• WORK ITEM
Among the entries below, please repeat exactly and only the lines from the line containing "Una imagen del festejo hoy. /Vicente - Ical" to the line containing "Tephrosia elata subsp.", both lines included.

• RECORDS FOR THIS TASK
==*==

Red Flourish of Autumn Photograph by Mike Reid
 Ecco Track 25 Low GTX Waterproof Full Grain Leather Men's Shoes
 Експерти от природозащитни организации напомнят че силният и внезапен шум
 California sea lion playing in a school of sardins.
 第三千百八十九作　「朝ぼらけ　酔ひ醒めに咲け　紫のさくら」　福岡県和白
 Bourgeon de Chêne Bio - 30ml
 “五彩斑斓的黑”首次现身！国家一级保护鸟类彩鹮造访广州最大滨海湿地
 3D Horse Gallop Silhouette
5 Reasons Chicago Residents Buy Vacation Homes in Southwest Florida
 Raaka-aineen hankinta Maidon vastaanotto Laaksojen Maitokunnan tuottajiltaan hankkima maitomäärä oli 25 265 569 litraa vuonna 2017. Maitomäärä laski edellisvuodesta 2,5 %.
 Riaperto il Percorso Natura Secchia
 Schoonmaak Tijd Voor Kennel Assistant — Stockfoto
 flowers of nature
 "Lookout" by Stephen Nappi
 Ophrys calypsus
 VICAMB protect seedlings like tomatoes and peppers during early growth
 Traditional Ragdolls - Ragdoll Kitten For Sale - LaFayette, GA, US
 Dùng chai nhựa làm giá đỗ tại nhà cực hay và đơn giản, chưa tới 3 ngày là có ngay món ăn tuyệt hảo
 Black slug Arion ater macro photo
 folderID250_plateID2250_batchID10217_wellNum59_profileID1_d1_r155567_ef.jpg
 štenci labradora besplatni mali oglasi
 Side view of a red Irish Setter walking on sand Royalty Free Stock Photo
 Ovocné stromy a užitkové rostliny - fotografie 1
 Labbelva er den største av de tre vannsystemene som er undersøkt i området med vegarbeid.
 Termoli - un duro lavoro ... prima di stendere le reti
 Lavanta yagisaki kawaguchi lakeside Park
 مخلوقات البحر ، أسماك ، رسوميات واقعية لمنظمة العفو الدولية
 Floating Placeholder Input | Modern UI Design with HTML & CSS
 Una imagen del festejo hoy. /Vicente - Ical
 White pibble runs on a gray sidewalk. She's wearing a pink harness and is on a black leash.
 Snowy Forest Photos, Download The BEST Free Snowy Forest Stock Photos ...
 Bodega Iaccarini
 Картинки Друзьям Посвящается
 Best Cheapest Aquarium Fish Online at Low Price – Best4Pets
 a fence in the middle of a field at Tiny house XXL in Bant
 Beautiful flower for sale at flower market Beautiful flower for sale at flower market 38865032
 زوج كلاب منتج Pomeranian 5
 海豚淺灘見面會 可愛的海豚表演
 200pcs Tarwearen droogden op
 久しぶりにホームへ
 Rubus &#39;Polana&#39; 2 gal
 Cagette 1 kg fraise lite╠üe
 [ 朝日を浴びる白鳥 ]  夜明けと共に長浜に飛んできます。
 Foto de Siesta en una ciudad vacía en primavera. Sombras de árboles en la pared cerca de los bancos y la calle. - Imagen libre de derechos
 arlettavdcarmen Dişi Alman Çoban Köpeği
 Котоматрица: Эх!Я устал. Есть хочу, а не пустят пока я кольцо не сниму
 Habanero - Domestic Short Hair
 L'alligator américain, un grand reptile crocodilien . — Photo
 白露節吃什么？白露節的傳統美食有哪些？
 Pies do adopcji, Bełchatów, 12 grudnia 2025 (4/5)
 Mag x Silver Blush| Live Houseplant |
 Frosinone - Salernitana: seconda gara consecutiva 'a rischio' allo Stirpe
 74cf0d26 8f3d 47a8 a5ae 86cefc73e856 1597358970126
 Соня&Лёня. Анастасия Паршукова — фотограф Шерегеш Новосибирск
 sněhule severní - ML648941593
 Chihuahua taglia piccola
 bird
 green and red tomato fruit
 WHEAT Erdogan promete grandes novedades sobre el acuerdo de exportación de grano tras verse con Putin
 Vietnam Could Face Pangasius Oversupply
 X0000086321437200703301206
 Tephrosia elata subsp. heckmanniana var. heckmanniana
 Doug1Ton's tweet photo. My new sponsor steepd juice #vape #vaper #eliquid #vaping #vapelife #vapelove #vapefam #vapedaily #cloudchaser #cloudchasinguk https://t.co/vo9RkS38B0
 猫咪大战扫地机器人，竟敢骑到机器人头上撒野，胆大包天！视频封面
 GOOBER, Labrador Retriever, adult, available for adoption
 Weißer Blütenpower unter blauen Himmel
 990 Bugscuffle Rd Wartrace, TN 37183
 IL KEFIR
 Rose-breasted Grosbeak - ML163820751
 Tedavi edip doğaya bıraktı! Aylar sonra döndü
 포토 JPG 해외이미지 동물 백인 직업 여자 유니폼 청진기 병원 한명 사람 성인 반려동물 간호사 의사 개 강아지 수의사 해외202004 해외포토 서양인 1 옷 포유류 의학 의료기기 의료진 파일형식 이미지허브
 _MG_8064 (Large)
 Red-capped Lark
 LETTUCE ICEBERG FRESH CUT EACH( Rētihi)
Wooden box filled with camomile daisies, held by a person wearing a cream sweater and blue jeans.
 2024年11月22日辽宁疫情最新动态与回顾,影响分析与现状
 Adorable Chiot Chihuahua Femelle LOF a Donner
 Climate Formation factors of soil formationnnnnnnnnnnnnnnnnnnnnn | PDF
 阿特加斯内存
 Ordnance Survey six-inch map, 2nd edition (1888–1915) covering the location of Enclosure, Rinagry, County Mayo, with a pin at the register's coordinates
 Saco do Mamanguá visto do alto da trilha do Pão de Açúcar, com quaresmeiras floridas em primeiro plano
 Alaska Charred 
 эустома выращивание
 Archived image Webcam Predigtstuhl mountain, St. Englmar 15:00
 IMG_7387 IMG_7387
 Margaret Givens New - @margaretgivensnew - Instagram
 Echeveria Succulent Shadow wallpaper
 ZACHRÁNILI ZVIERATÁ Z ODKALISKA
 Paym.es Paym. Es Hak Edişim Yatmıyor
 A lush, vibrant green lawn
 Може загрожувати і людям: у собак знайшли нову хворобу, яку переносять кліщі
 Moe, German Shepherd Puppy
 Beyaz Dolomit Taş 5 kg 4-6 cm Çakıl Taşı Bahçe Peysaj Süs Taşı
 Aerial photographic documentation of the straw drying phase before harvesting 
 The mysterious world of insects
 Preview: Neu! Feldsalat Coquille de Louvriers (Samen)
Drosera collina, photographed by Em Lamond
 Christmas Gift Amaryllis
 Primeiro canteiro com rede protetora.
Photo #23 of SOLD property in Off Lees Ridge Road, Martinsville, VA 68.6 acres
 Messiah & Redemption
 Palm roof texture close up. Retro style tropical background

==*==

• RESULT OF THIS TASK
 Una imagen del festejo hoy. /Vicente - Ical
 White pibble runs on a gray sidewalk. She's wearing a pink harness and is on a black leash.
 Snowy Forest Photos, Download The BEST Free Snowy Forest Stock Photos ...
 Bodega Iaccarini
 Картинки Друзьям Посвящается
 Best Cheapest Aquarium Fish Online at Low Price – Best4Pets
 a fence in the middle of a field at Tiny house XXL in Bant
 Beautiful flower for sale at flower market Beautiful flower for sale at flower market 38865032
 زوج كلاب منتج Pomeranian 5
 海豚淺灘見面會 可愛的海豚表演
 200pcs Tarwearen droogden op
 久しぶりにホームへ
 Rubus &#39;Polana&#39; 2 gal
 Cagette 1 kg fraise lite╠üe
 [ 朝日を浴びる白鳥 ]  夜明けと共に長浜に飛んできます。
 Foto de Siesta en una ciudad vacía en primavera. Sombras de árboles en la pared cerca de los bancos y la calle. - Imagen libre de derechos
 arlettavdcarmen Dişi Alman Çoban Köpeği
 Котоматрица: Эх!Я устал. Есть хочу, а не пустят пока я кольцо не сниму
 Habanero - Domestic Short Hair
 L'alligator américain, un grand reptile crocodilien . — Photo
 白露節吃什么？白露節的傳統美食有哪些？
 Pies do adopcji, Bełchatów, 12 grudnia 2025 (4/5)
 Mag x Silver Blush| Live Houseplant |
 Frosinone - Salernitana: seconda gara consecutiva 'a rischio' allo Stirpe
 74cf0d26 8f3d 47a8 a5ae 86cefc73e856 1597358970126
 Соня&Лёня. Анастасия Паршукова — фотограф Шерегеш Новосибирск
 sněhule severní - ML648941593
 Chihuahua taglia piccola
 bird
 green and red tomato fruit
 WHEAT Erdogan promete grandes novedades sobre el acuerdo de exportación de grano tras verse con Putin
 Vietnam Could Face Pangasius Oversupply
 X0000086321437200703301206
 Tephrosia elata subsp. heckmanniana var. heckmanniana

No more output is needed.